Initially, it might have taken up to 5 minutes for the video to be compressed and sent to the customer. Way too long. Results? - We now have that down to 14 seconds - said Bartosz Czerwiński, CTO of Quik Video.
But that wasn’t the end of the challenge. - Every day our technicians make thousands upon thousands of videos, round the globe, round the clock. This creates a massive technological problem with system scalability and stability - added Czerwiński.
This was the point where the Netguru team came in.
The next task would be to catch up with customers behaviours.
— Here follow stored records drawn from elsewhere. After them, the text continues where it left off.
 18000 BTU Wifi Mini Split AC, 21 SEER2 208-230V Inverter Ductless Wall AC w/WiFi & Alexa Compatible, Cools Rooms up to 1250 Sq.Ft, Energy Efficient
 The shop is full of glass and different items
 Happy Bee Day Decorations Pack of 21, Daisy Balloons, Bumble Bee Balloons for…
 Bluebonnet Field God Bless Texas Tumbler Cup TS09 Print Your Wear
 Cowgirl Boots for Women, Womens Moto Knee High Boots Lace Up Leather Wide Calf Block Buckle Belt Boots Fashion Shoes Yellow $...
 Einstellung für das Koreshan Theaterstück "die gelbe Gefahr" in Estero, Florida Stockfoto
- We believe that the future of the customer experience is conversation-driven. As Quik Video becomes central to the entire vehicle servicing process, we are working hard to reflect natural communication flow in our application - said Czerwiński.
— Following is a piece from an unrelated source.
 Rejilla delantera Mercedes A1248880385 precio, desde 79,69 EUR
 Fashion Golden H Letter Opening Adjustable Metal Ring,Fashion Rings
One of the next steps for Quik Video will be to remove email from the process and replace it with what the consumers are using - be it Facebook Messenger, WhatsApp or any other app or solution customers may choose to communicate.
To get the job done, Quik Video assigned it to a proven partner - Netguru. - You are miles ahead in terms of flexibility and in terms of responsibility - Jack Gardner, CEO of Quik Video said about Netguru. The team is now working to enhance the app with additional features without sacrificing the stability of the ever-growing video consumption.
The next major challenge will be expansion. The major market for Quik Video at the moment is in the US. But the clients keeps coming: be it Canada, Brazil, Kuwait or Saudi Arabia. In Ireland, all security services require a Quik Video reports on each car serviced in a workshop. - We have plans to move in to other markets in the foreseeable future - added Gardner.
Since Netguru has come on board with us, my life has become so much easier because you have removed so many of my daily pains. The stability of the platform has been greatly increased. The speed at which the platform works has been greatly increased. And when I ask for something to be changed, replaced or fixed, it happens. I don't have to wait for six months. It's done the next day. - Jack Gardner, CEO of Quik Video, about partnership with Netguru.
Heads up before a nightmare becomes reality
Quik Video has been profitable and self-sustaining from the start. Their business model is simple - they charge a fixed monthly fee (the number varies depending on the size of the dealership and its geographical location). And it’s growing.
- I think that we've gone from being a video company to being a multifaceted information company - said Gardner.
Quik Video provides information to consumers (about the health of their vehicle), dealers (on service department performance and customer feedback). And to manufacturers. The variety of brands that Quik Video had it "hands on", speaks for itself (examples below).
The last part is interesting, especially when you take a country the size of the United States into account. - We are in a unique situation because we have a presence in their dealerships in 50 states. What that means is we can provide them with the information on a dealership level, by region, or we can zoom out on the nationwide level - said Gardner.
That allows the manufacturer to be a step ahead of any potential issues. A real-life example. - I won't name the brand, but there was a car model from 2015. Our Quik Video reports have shown that with 20 thousand miles on very specific mechanical parts were breaking down, causing problems with the driveability - Gardner told me.
The manufacturer was able to resolve this issue before it became a complete PR nightmare.
After few of these recent PR disasters the industry knows exactly how costly they can turn out to be.